* Problem statement *
Only a slice of the listing below is wanted. Retype the lines from the one containing "(Red Coded Ring)" through the one containing "LinYooLi Women Beanie", exactly, both ends included.
—————
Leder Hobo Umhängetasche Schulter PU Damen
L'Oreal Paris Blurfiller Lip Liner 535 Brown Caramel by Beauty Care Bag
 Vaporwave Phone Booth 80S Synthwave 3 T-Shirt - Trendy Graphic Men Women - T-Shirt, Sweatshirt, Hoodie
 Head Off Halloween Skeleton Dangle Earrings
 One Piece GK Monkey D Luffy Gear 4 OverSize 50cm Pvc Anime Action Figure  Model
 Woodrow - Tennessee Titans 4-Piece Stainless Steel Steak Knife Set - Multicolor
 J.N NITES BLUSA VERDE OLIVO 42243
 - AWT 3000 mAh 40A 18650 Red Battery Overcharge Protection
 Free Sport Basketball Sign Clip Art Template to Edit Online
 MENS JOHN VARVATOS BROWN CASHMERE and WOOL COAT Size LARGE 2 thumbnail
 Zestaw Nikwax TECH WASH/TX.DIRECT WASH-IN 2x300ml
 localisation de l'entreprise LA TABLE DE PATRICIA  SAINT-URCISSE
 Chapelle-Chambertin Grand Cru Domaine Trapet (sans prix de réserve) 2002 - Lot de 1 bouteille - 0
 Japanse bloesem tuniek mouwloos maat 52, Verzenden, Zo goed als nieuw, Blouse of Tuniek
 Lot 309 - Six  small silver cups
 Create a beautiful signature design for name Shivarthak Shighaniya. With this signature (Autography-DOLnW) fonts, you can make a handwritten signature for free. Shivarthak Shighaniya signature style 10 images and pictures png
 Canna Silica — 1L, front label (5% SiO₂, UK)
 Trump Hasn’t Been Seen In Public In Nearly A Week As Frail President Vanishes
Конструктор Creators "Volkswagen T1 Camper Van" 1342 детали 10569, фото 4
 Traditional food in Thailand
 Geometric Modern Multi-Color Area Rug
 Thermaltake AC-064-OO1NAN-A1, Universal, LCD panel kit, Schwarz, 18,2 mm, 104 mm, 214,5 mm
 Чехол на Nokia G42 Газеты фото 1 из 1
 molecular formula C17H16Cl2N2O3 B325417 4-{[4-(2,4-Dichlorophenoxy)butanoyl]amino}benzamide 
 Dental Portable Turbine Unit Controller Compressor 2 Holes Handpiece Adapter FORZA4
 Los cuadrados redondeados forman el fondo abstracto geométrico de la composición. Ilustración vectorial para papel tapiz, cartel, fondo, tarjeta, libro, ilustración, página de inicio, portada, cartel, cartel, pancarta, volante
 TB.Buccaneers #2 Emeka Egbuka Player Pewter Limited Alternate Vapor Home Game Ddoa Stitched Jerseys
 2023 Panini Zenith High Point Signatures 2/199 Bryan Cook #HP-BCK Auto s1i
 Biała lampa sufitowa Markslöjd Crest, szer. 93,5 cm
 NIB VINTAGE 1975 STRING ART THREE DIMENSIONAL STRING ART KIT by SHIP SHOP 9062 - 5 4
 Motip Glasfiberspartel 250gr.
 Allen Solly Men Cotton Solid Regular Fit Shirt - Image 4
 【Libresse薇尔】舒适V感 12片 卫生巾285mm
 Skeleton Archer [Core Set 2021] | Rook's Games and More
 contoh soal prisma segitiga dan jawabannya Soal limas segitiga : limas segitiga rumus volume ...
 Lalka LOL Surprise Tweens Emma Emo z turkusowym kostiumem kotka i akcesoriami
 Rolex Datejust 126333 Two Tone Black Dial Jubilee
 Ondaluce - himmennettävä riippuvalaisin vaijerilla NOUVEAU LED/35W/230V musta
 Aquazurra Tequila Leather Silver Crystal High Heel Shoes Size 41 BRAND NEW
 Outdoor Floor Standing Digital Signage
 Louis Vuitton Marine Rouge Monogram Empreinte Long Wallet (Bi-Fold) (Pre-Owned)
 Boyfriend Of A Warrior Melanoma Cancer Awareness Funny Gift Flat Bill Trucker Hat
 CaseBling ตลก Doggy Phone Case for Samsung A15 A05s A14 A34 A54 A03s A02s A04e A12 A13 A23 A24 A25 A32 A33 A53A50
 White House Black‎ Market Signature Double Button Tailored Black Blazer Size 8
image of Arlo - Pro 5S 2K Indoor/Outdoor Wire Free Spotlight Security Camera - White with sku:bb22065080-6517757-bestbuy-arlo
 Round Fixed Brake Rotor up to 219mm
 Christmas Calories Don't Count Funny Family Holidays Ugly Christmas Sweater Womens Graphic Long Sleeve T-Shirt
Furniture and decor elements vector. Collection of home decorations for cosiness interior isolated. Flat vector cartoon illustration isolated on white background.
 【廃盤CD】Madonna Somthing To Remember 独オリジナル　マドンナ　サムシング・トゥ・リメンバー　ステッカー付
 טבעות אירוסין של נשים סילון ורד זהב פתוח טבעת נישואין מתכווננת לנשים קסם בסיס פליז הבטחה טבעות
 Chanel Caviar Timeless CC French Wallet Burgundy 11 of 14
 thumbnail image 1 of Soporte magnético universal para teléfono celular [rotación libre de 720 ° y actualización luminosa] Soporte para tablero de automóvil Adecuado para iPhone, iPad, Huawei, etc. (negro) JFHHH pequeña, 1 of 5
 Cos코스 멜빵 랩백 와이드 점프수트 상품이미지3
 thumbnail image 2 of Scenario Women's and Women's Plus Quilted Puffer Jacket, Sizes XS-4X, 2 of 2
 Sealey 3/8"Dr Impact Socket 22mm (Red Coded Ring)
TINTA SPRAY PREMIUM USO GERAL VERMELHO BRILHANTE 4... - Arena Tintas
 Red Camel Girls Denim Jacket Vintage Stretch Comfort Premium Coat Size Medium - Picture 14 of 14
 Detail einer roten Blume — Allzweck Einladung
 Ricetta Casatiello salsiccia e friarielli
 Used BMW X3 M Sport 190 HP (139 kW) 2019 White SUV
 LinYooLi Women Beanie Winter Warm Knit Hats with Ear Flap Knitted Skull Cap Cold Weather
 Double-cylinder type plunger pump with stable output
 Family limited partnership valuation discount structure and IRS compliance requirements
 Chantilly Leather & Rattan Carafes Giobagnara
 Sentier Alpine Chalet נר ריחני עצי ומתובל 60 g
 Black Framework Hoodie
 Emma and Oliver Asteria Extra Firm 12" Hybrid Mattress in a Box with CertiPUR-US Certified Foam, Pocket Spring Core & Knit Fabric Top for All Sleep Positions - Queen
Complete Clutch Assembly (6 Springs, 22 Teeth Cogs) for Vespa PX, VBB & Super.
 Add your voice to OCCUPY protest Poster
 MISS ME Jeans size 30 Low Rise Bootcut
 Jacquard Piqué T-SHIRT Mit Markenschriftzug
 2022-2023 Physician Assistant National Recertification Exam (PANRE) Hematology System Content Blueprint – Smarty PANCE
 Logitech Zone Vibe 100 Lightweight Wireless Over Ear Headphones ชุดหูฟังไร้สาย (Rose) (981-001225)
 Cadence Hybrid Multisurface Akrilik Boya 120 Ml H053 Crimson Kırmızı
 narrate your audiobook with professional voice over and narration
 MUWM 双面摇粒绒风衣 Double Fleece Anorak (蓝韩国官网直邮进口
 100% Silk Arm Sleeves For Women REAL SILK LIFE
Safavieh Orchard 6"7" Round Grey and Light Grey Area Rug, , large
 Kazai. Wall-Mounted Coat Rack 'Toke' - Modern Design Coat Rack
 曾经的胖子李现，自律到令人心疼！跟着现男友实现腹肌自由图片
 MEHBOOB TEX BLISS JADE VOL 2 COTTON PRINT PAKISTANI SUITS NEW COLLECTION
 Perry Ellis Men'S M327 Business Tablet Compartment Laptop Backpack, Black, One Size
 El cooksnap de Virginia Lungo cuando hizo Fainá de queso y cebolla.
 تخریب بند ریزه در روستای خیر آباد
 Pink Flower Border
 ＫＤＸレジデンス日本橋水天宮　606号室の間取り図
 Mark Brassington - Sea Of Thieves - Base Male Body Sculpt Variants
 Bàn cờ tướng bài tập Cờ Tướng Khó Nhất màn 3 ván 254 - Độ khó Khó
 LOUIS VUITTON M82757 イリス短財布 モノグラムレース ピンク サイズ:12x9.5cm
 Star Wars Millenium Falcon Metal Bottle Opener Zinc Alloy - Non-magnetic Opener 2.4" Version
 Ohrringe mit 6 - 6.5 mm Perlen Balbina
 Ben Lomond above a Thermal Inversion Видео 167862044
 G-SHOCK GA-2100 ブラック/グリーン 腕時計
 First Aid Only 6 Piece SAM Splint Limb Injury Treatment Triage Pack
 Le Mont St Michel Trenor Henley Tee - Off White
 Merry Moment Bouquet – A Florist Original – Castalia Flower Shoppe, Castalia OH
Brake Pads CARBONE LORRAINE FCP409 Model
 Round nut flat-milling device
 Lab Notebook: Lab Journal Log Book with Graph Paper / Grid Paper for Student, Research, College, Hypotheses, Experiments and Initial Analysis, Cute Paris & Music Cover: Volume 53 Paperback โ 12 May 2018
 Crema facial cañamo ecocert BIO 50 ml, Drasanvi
—————
* Output for this exercise *
 Sealey 3/8"Dr Impact Socket 22mm (Red Coded Ring)
TINTA SPRAY PREMIUM USO GERAL VERMELHO BRILHANTE 4... - Arena Tintas
 Red Camel Girls Denim Jacket Vintage Stretch Comfort Premium Coat Size Medium - Picture 14 of 14
 Detail einer roten Blume — Allzweck Einladung
 Ricetta Casatiello salsiccia e friarielli
 Used BMW X3 M Sport 190 HP (139 kW) 2019 White SUV
 LinYooLi Women Beanie Winter Warm Knit Hats with Ear Flap Knitted Skull Cap Cold Weather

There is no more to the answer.